A Year in Barcelona: On Finding Home

I remember all the anxieties I felt a month before my move to Barcelona last fall. It was August 2011. My original move date of February 3rd had fallen through due to a number of unexpected complications with my new job in Spain, forcing me to adjust living back at home with my family in Los Angeles after living in San Francisco for nearly three years. Writing still came easy since I had finished graduate school the previous December, but finding a new rhythm and a new schedule largely independent of the writing community I had worked so hard to foster was a challenge. How would my writing do so far from home? I wondered. But perhaps the biggest blow was this: the long-distance relationship with a Catalan that I had worked so hard to keep alive ended in late July, leaving me broken hearted and without a seeming reason to go through with my move. If no one was waiting for me on the other side, I reasoned, then what was the point of hopping on that airplane and flying across the world to live in a city where I would feel so lonely?

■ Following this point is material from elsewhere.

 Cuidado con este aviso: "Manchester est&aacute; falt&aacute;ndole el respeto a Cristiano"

As my flight on September 7 approached, I remember that although moments of excitement bubbled up overall the anxiety still overrode everything. Even on that last morning, sitting on the couch opposite my parents, waiting for my shuttle to pick me up, pretending not to see my mother wiping away at a corner of her eye. Even checking in at the airport, tucking my passport back in my pocket as I watched my overstuffed luggage disappear on the conveyor belt. And even as I sat chatting away on the airplane with a chubby 20-something on his way to Tel Aviv, all the time eyeing the front part of the aircraft, thinking that I can still turn around, I can still go back, I can still change my mind… Never before had I experienced this type of moment-to-moment vacillation, anxious to get to a place where I knew I would grow more than ever before, but also afraid about the path I would have to forge on my own and the emotions I would have to overcome. And as the plane tilted over the Mediterranean and the red roofs of Barcelona came into view on that warm Thursday morning one year ago, I prayed silently that my experience would be a fruitful one and that I would learn many a thing during my time in Barcelona, however long, however short it might turn out to be.

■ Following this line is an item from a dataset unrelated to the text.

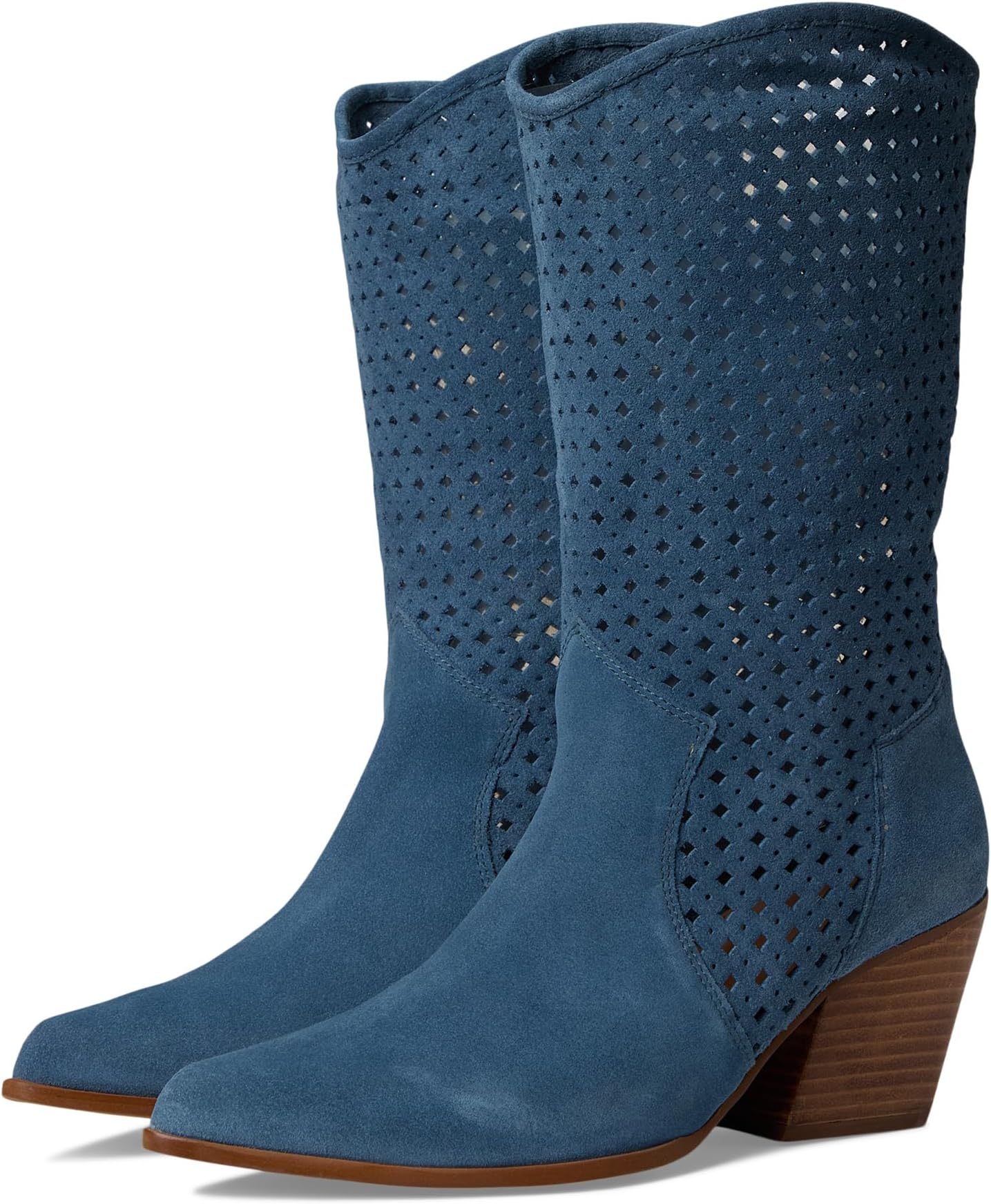Ботинки Seychelles Diva Suede, Blue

Fast forward a year. It’s now September 2012 and a year has passed since I touched down in Barcelona. In that span of time I’ve met many people — some friendships will last a lifetime, I know — and I’ve evolved oh-so-much. I’m an honorary uncle to the cutest two year old in the world. I’ve met a wonderful writing buddy who has kept me motivated and focused even when the beach and beers and boys have tempted me. I’ve learned the delicate art of flirting at a bar, at a concert, at a library, at the store. I’ve tried all kinds of new foods (morcilla, gazpacho andaluz, panellets) and have allowed myself to learn how to cook. I’ve accepted my body after losing 40 lbs total in the last year, and feel young and handsome and ready to conquer the world. I’ve learned to celebrate Sant Jordi instead of Valentine’s Day, La Diada instead of the 4th of July, Carnaval instead of Halloween. I’ve found meaning teaching English to students from eight to eighty, and have come to love the feeling of having my own classroom, my own curriculum, of writing my own syllabi. When I had the flu in February, I had new friends bring me soup and medicine. When I broke my ankle in July of this year after a clumsy fall on the beach, I lost count of how many people here asked about me, took care of me, kept me company when all I could do was sit and talk. Sure, I miss home and my family. But I feel like I’ve really got something here. In short, I feel like I’ve found a new home — not just a home away from home — and I’ve decided to do everything possible to make this a permanent move where I will build my life.

And what have I learned after a year in Catalonia, you ask? It’s simple: I’ve learned to push past my fears because great joy awaits me on the other side. Overcoming my fears has always led to the best path in my life, and moving to Barcelona has been the best decision I’ve ever made.

This is where I liveThis is where I’m happiest.  This is where I belong.